The warning follows US President Donald Trump’s decision to impose a 25% tariff on most Canadian imports on Tuesday.
In response, Canada announced C$30 billion in tariffs on US exports.
While these measures target multiple industries, the automotive sector faces significant risks. Bloomberg reported that Trump temporarily exempted vehicles and auto parts made under the North American trade agreement from the new tariffs for one month after industry appeals.
During a call with analysts following Linamar’s fourth-quarter earnings report, executive chair Linda Hasenfratz said extending tariffs to automotive goods could lead to production shutdowns.
Customers continue to place orders with Linamar’s Canadian and Mexican facilities, but further tariff escalation could force operational halts.
The US metals tariffs are scheduled to take effect on March 12.
Based in Guelph, Ontario, Linamar operates most of its facilities in Canada, primarily serving the US market.
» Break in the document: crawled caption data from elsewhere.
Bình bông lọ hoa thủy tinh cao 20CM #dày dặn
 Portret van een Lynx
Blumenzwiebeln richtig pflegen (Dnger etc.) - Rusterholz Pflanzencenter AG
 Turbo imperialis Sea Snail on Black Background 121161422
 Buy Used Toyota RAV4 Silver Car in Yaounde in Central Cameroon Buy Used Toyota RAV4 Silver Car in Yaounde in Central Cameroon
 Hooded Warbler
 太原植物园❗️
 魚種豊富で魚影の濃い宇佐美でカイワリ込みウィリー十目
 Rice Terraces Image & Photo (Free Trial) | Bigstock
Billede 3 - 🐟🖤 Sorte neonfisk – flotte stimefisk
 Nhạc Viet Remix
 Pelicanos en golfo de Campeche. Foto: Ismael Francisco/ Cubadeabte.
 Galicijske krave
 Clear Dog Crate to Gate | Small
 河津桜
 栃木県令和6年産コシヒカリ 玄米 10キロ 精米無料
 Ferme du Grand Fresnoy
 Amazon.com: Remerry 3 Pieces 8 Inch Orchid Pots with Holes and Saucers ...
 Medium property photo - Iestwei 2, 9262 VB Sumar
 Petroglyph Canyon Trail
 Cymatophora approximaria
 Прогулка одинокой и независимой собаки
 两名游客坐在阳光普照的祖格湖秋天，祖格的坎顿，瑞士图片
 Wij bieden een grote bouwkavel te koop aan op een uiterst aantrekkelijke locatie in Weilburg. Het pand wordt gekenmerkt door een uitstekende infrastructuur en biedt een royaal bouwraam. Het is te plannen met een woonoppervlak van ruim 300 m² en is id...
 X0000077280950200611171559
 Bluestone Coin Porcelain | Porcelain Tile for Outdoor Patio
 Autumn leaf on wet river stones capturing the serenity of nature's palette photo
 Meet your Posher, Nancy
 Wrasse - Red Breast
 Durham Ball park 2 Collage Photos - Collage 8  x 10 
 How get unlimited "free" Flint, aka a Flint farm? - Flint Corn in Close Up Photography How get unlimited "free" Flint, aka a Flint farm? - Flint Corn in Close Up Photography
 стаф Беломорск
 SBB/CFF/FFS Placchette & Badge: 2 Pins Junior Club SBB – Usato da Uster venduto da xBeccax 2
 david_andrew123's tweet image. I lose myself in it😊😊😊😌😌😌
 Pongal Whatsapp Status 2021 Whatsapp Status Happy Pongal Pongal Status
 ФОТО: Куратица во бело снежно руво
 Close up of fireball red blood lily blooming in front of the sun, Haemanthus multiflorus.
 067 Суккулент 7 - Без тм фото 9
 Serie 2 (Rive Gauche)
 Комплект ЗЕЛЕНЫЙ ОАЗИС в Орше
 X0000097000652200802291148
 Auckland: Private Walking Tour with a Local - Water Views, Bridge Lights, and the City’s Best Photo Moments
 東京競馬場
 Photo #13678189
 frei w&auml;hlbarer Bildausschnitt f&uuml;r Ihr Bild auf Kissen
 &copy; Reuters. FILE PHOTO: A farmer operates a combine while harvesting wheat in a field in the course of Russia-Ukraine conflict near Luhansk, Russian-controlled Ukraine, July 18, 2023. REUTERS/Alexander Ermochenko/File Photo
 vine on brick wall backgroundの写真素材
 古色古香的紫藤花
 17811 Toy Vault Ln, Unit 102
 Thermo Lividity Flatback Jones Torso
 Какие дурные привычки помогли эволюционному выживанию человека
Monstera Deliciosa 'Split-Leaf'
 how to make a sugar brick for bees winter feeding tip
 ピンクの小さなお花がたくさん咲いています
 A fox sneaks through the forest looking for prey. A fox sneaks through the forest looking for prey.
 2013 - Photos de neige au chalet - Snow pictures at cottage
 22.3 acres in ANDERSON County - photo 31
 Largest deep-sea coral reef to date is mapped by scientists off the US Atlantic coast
Despite the tariffs, the company is not planning to shift production to the US.
Hasenfratz told BNN Bloomberg Television that long-term business decisions should not be based on short-term policy changes, citing the frequent shifts in trade policies.
The uncertainty surrounding tariffs has affected auto sector stocks. Linamar’s share price has dropped about 11% this year.
Magna International Inc., Canada’s auto parts maker, saw its shares fall to their lowest level in nearly five years on Tuesday, with a year-to-date decline exceeding 12%.
North American automotive supply chains have been integrated since the 1960s. Hasenfratz said dismantling these networks due to tariffs would require substantial investment without improving efficiency or vehicle quality. She added that collaboration between companies in the US, Canada, and Mexico has supported technological advancements and improved production processes.
Linamar expects sales to decline across several divisions. The company forecasts double-digit sales declines in its agricultural equipment segment and high single-digit declines in commercial access vehicles, including forklifts, in 2025.
According to Bloomberg, these projections remain unchanged even if the US-Canada trade dispute is resolved quickly.
Toronto-Dominion Bank analysts cut Linamar’s price target to C$60 from C$66, citing ongoing tariff-related risks and market share concerns. Analyst Brian Morrison and his team said it would be impractical for Linamar to relocate production to the US in the short term.
Linamar’s stock fell as much as 7% during early trading in Toronto on Thursday, reaching its lowest intraday level since May 2022 before recovering to C$50.67 by 12:06 p.m.
Linamar reported normalized earnings of C$1.82 per share for the fourth quarter, exceeding analysts’ estimates of C$1.57 per share, according to a Bloomberg survey. Quarterly revenue fell to C$2.38 billion from the previous year.